Oft habe ich im Vor­feld dieses Parteitages gehört: Warum tut ihr euch das an? Bei dem The­ma macht man sich doch nur unbe­liebt.

Meine Antwort darauf ist sin­ngemäß einem Sprich­wort entlehnt, dass ich dieser Tage im Inter­net gefun­den habe:

Man soll den Men­schen nicht geben, was sie haben wollen, son­dern das, was sie sich nicht zu träu­men wagten.

Ich finde, das passt sehr schön zu den Debat­ten des heuti­gen Tages. Es geht am Ende nicht um ein biss­chen mehr oder weniger Braunkohle oder Wind­krafträder, es geht um eine neue Qual­ität von Energiepoli­tik, die es mit dem Erfind­ergeist aufnehmen kann, der für unser Sach­sen so typ­isch ist.

Wir haben uns daran gewöh­nt, nicht mehr von Rev­o­lu­tion, son­dern von Reform zu reden, wir pla­nen keinen Umsturz – auch wenn sich das noch nicht bis zu jedem Beamten des Ver­fas­sungss­chutzes herumge­sprochen hat –, son­dern wir denken in evo­lu­tionären Prozessen.

Wir soll­ten uns aber daran gewöh­nen, dass wir eine Rev­o­lu­tion zu ver­wal­ten haben, denn nach der indus­triellen Rev­o­lu­tion erleben wir zurzeit eine Rev­o­lu­tion der glob­alen Kom­mu­nika­tion.

Vielfalt ist pro­duk­tiv­er als Ein­falt, und daher ist Sach­sen in sein­er Bun­theit an Men­tal­itäten, Dialek­ten und regionalen Beson­der­heit­en als Ganzes so stark.
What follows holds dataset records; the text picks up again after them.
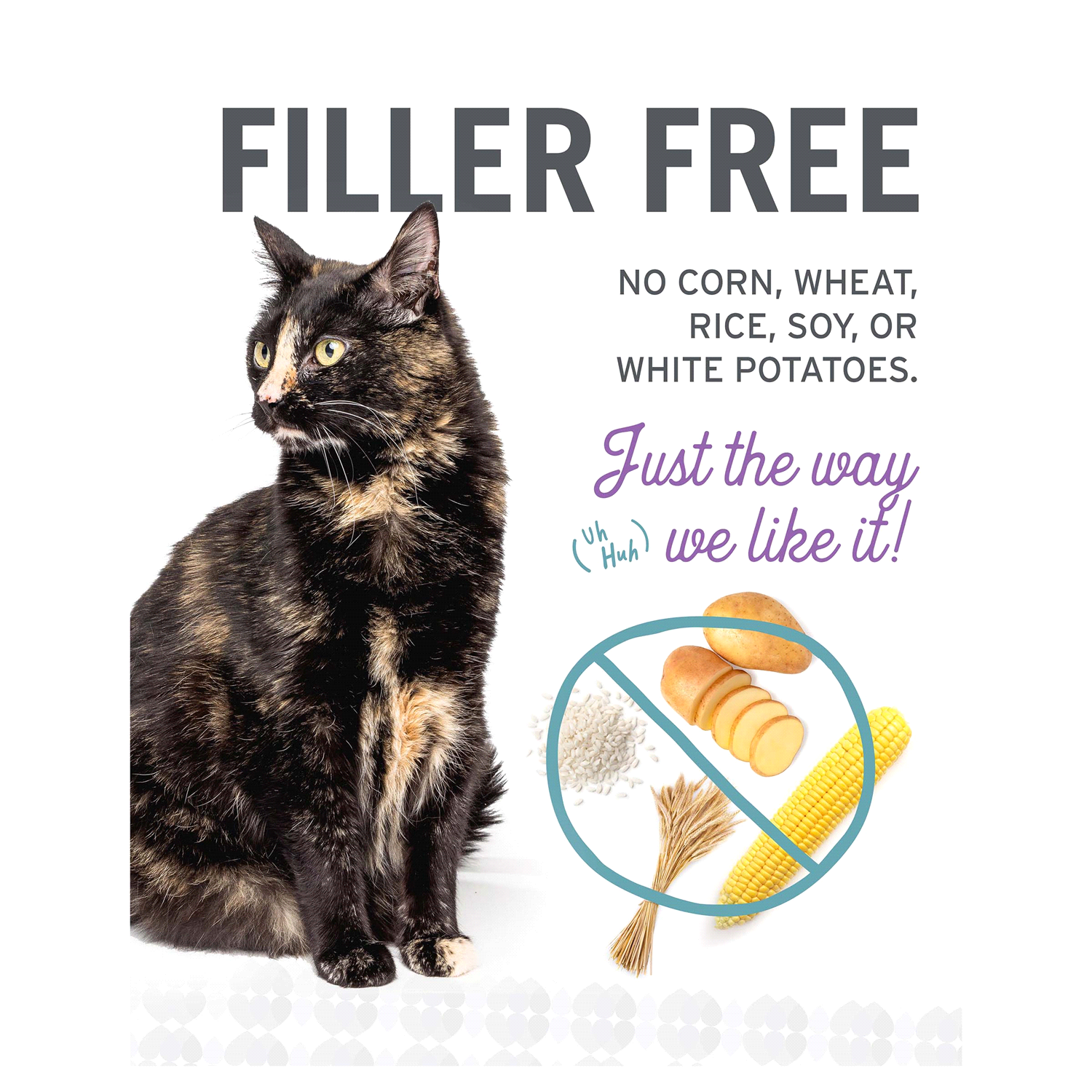 slide 4 of 5, I and Love and You "I and love and you" Naked Essentials Dry Cat Food, Digestive Support Chicken and Pumpkin Recipe, Grain Free, Real Meat, No Fillers, 3.4 lb Bag, 3.4 lb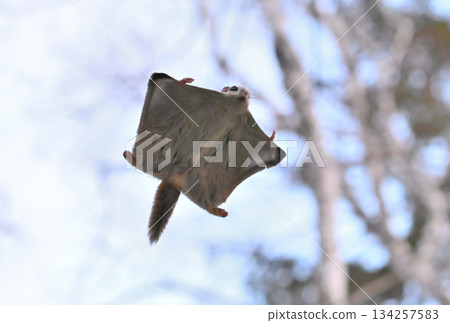 一隻西伯利亞飛鼠在北海道春季公園的樹林間滑翔 134257583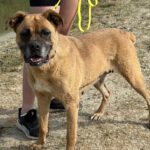 Boxer Mischling Bunia, 03/2019, ca. 55 cm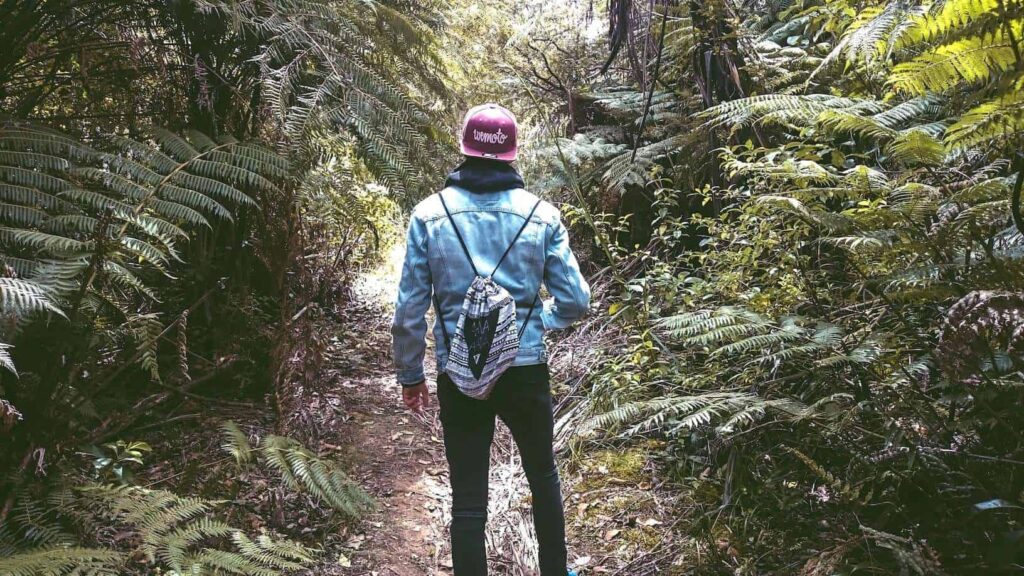 Visit the Puketi Forest to gaze at kauri trees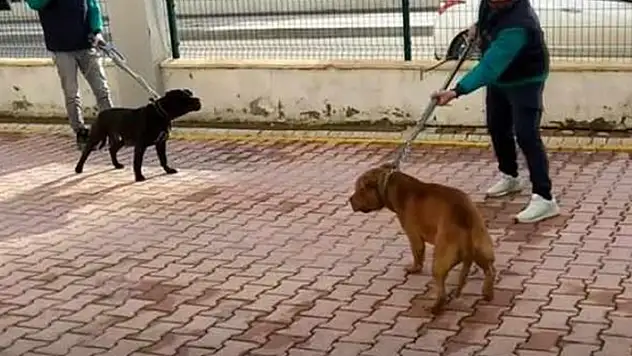 Gaziantep'te pitbull dehşeti! Sitenin bahçesinde oynarken 2 pitbullun saldırısına uğrayan Asiye, ağır yaralandı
Jeden­falls im Prinzip, wenn es nicht darauf wartet, dass alles Gute von oben kommt, son­dern das Untere nach Oben kehrt, um immer wieder eine neue, kreati­vere, inter­es­san­tere und nach­haltigere Welt zu bauen.

In diesem Sinne eröffne ich diesen Parteitag – natür­lich mit einem fröh­lichen: GLÜCK AUF!